Die Stimmung sei lustig gewesen an jenem Morgen, sagt Michael A. und grinst, wenn er davon erzählt, wie er seinen Freund in die letzte Kneipe ihrer Tour, den „Yellow Pub" an der Moselstraße im Frankfurter Bahnhofsviertel, tragen musste. „André und ich hatten viel gelacht und die ganze Nacht getrunken – wir waren jenseits von Gut und Böse." Der 33-Jährige gibt zu, dass er „ein bisschen Randale gemacht" habe, bevor die Kellnerin die Polizei rief. Kurze Zeit später nahmen ihn Beamte des 4. Polizeireviers fest und brachten ihn für einige Stunden in eine Ausnüchterungszelle im Keller des grauen Gebäudes an der Wiesenhüttenstraße, am Morgen des 14. Februar 2003. Mit dem, was sein Freund André H. unterdessen erlebte, beschäftigt sich inzwischen die Frankfurter Staatsanwaltschaft. Ermittlungsgrund: Verdacht auf Körperverletzung im Amt.

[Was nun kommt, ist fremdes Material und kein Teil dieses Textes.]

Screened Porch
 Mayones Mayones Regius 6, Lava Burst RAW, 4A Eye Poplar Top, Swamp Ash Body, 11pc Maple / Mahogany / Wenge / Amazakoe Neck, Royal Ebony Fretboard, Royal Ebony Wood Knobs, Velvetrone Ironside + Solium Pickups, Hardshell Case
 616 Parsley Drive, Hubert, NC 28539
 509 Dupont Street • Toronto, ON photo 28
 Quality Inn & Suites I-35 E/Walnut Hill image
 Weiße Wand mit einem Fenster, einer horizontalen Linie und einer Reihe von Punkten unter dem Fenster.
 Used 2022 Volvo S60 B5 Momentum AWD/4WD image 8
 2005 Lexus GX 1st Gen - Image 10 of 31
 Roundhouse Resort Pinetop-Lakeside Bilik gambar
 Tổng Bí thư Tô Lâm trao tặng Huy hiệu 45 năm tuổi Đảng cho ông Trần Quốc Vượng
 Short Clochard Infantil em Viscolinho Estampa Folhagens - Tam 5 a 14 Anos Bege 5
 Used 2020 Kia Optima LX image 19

Zwei Beamte des 4. Polizeireviers sollen dem 30 Jahre alten André H., der ebenfalls auf die Wache gebracht worden war, in seiner Zelle mit einer Metallstange mehrfach auf das rechte Becken geschlagen haben – auf das Bein, an dem dem Mann vor Jahren wegen einer Gefäßkrankheit der Unterschenkel amputiert werden musste. Am frühen Nachmittag wurde er aufgefordert, das Revier zu verlassen. Von einem Lokal im Bahnhofsviertel aus rief André H. seinen Freund Michael an. „Er hat gefragt, ob ich ihn abholen kann, und gesagt, dass ihm sein Bein weh tut." Ob er ihm schon zu diesem Zeitpunkt von den Misshandlungen der Polizisten erzählt habe, könne er nicht mit Sicherheit sagen, sagt Michael A. „Ich war immer noch ziemlich betrunken." Sanitäter brachten André H. ins Krankenhaus, wo er wegen eines Oberschenkelhalsbruchs operiert wurde. Michael A. sitzt am Tresen des „Yellow Pub" und sagt, dass er seinem Freund die Geschichte anfangs selbst nicht geglaubt habe. Erst André H.s genaue Beschreibung der Beamten, die ihn geschlagen haben sollen, habe ihn überzeugt – vor allem deshalb, weil er die Gesichter der Polizisten auch gesehen hatte, im Türrahmen seiner Zelle. „Die standen da und die Körpersprache war eindeutig – ich bin für sowas empfänglich, ich hab da Erfahrung", sagt Michael A. „Die wollten mich aufmischen, aber ich hab gesagt: Passt auf, einen oder zwei von euch nehm’ ich mit." Daraufhin seien die Beamten gegangen. Einer von ihnen habe ihm später Tabak und Papers in die Zelle gebracht. „Ich weiß auch nicht warum, vielleicht hatte er ein schlechtes Gewissen wegen André, der misshandelt wurde."

Der Vorgang ereignete sich auf dem gleichen Polizeirevier, auf dem auch der Entführer und mutmaßliche Mörder Jakob von Metzlers, Magnus G., mit Folter bedroht worden war.

Bereits Mitte der 90er Jahre hatte Amnesty International das 4. Frankfurter Polizeirevier in einem „Schwarzbuch" über Misshandlungen auf deutschen Polizeiwachen erwähnt.

Auf einen Fehler der Staatsanwaltschaft Frankfurt ist zurückzuführen, dass André H. an jenem Morgen überhaupt wieder auf freien Fuß gesetzt wurde. Der 30-Jährige, wegen Überweisungsbetrugs zu einer vierjährigen Freiheitsstrafe verurteilt, stand auf der Fahndungsliste, seit er Anfang Januar von einem Hafturlaub nicht ins Gefängnis zurückgekehrt war. Eine Sekretärin habe den Antrag auf Ausschreibung zur Festnahme auf die falschen Personalien ausgestellt, erklärt Job Tilmann, Sprecher der Staatsanwaltschaft. „Dadurch entstand eine Fahndungslücke von mehreren Tagen."

Genau in diese Fahndungslücke fiel der Vorgang auf dem 4. Polizeirevier und die Klinikoperation. Das Opfer ließ über einen Anwalt Anzeige erstatten. Bisher ermittelte die Staatsanwaltschaft in dieser Frage gegen Unbekannt, weil das Opfer flüchtig war und keine Gegenüberstellung mit den Beamten stattfinden konnte. Nachdem André H. jedoch jetzt von Zivilfahndern festgenommen worden ist, wird es voraussichtlich nächste Woche zu einer Gegenüberstellung kommen.